Five Ways You Can Ensure Your Analytics Solution Takes Root and Flourishes Across Your Organization

This year, companies driven by advanced analytics and a robust data culture have proven their resilience in the face of global disruption. “Organizations are standing up analytics capabilities in a matter of weeks to inform business responses to Covid-19 challenges and prepare for the future,” McKinsey describes. “These capabilities are expected to offer between $9.5 trillion and $15.4 trillion in annual economic value.”

Successful analytics are now critical to all companies’ futures, no matter their industry. But few business leaders understand what’s required to ensure analytics solutions truly take root and flourish within their ranks.

Winning analytics solutions are those that align with the individual roles of both technical and business users. These solutions feature specialized tools for each of these roles that connect them all to a centralized analytics resource. But companies must overcome inherent barriers to success within their organizations to make this possible.

Can You Bridge The Gap Between Analytics Ambitions And Companywide Success?

It’s easy to paint a rosy picture of analytics success, but most companies struggle to make it effective — and keep it that way. Even companies that have identified winning analytics solutions struggle with the realities of operationalizing those tools and with scaling them beyond small, isolated success.

“Most analytics projects fail to provide real business value,” INFORMS reports. “[The] failure rate based on interviews with analysts in large organizations was closer to 85%.” This is a particular struggle for older organizations, such as hospital systems, that feature deeply embedded legacy data tools.

Key Steps To Drive Analytics Adoption Within Your Organization

How can these organizations ensure analytics finally take root and flourish among their critical teams? Here are five strategies that decision-makers must prioritize, plus practical tips for realizing these goals.

1. Get your employees on board for data literacy

Leaders must proactively support data literacy for all employees, albeit at varying levels of sophistication. When many or all employees can use analytics tools and can understand insights from analytics — or at least can “speak the language” of analytics when communicating with analytics users — companies realize “tremendous levels of innovation and efficiency,” Harvard Business Review reports.

2. Commit to a single, enterprise-wide solution

Data silos are a classic problem among enterprise companies, but it takes more than new technologies to overcome them. Business leaders must help employees across the organization change their habits to ensure new best practices take hold.
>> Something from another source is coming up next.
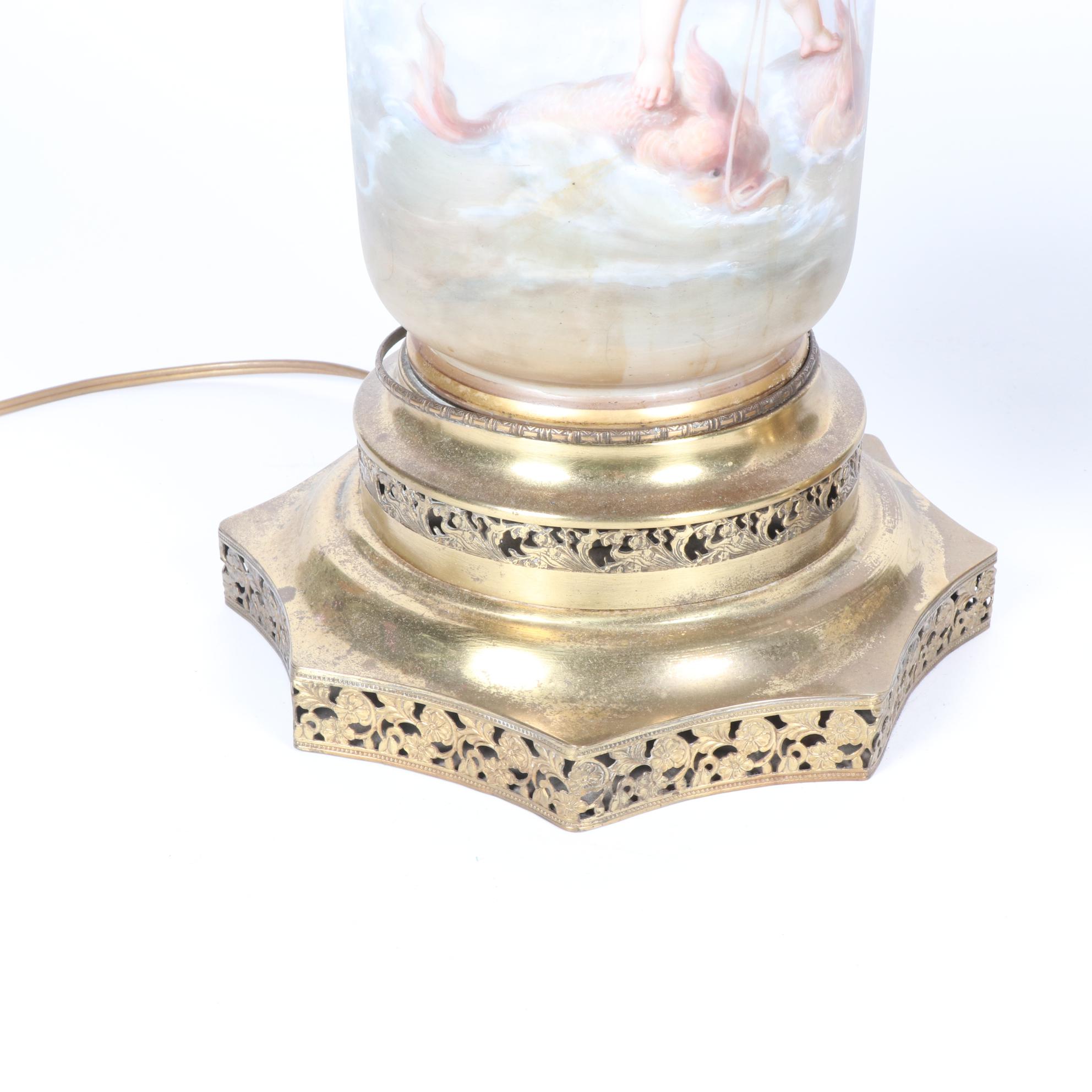 Hand-Painted Glass Table Lamps with Putti Portraits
That means aligning all employees with a universal, centralized analytics tool in a manner that drives individual results. When business leaders commit all employees to this “single version of the truth,” they empower decision-making at all levels of their organizations. They create a foundation for long-term business success.

3. Align augmented analytics with individual employee success

Decision-makers must implement analytics tools with the success of their individual employees in mind, not the other way around. That means including functions like “search analytics,” which allow employees to track down answers and build reports using simple search tools rather than seek the help of a data scientist or IT professional.

Empowering employees in this way may enable them to “turn insights into actions without having to leave whatever business or productivity application they have open,” as Forrester describes. That means ongoing improvements to both individual efficiencies and broader business outcomes.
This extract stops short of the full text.